**GOAL OF THE EXERCISE**
When the listing below reaches the line that has "Vintage Denver Broncos tshirt", start reproducing exactly; stop after the line that has "Предварительный просмотр 6", and drop the pictures.

**DATA SUPPLIED**
******

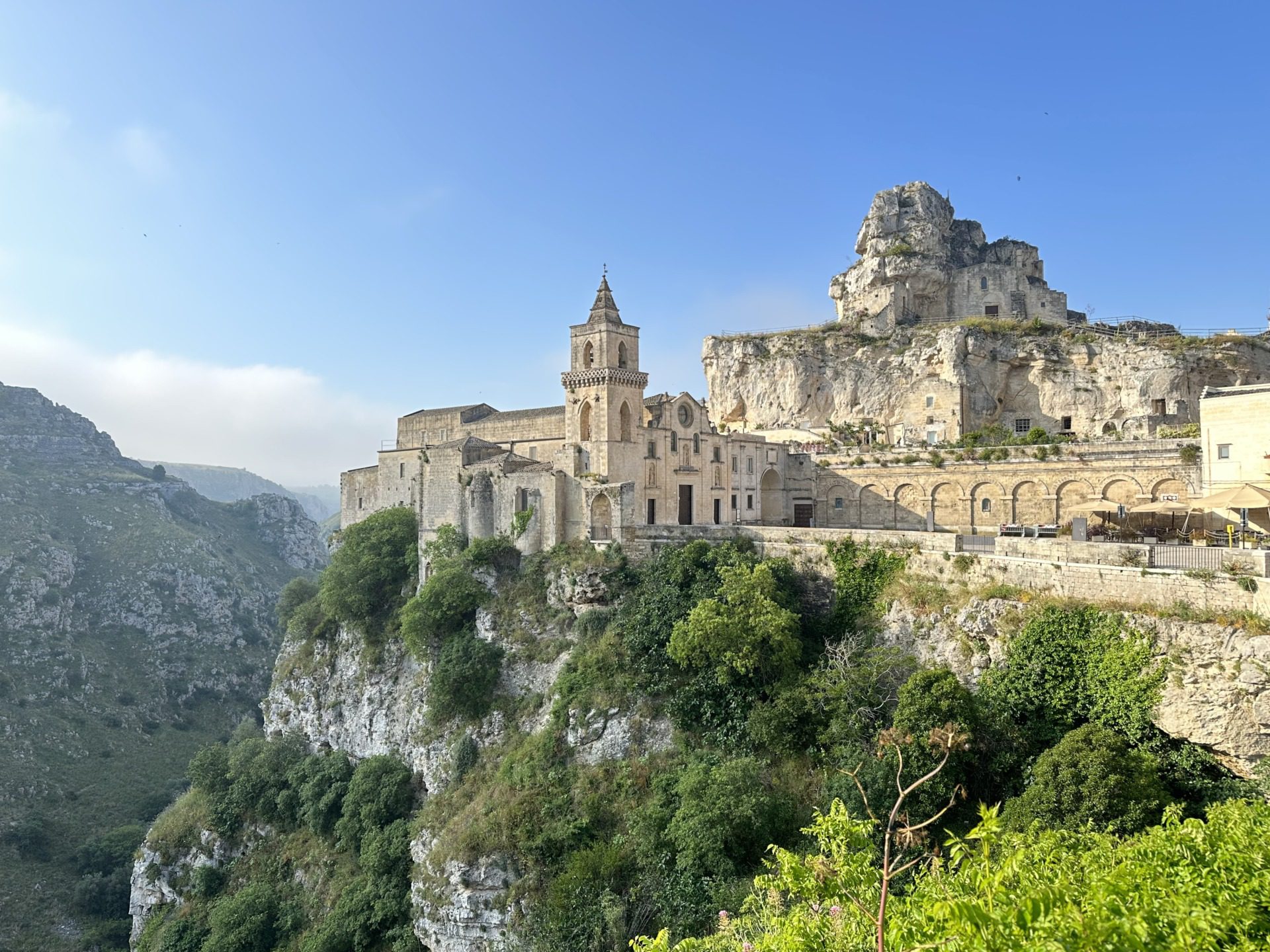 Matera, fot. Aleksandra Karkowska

******

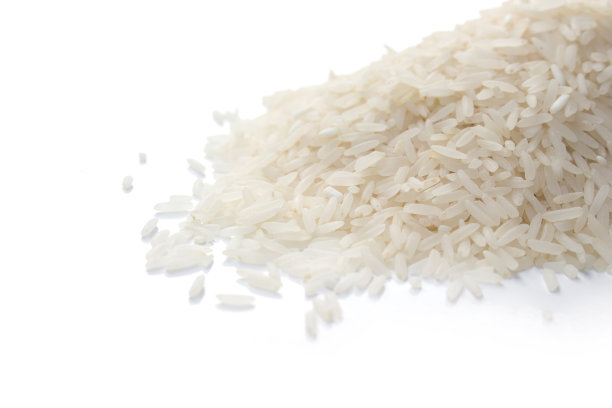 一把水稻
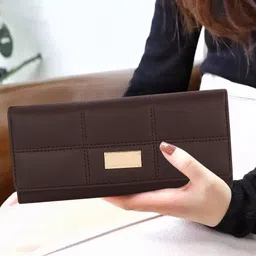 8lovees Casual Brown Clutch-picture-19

******

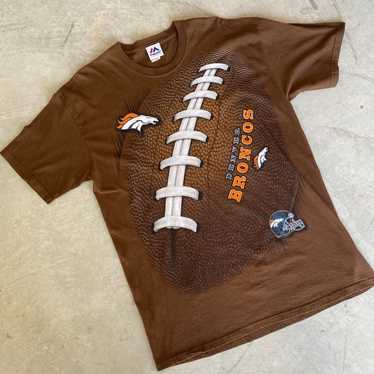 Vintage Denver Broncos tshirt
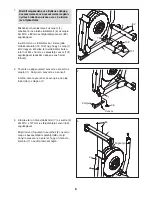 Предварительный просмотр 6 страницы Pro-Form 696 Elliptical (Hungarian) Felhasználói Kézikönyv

******

**SOLUTION TO THIS EXERCISE**
 Vintage Denver Broncos tshirt
 Предварительный просмотр 6 страницы Pro-Form 696 Elliptical (Hungarian) Felhasználói Kézikönyv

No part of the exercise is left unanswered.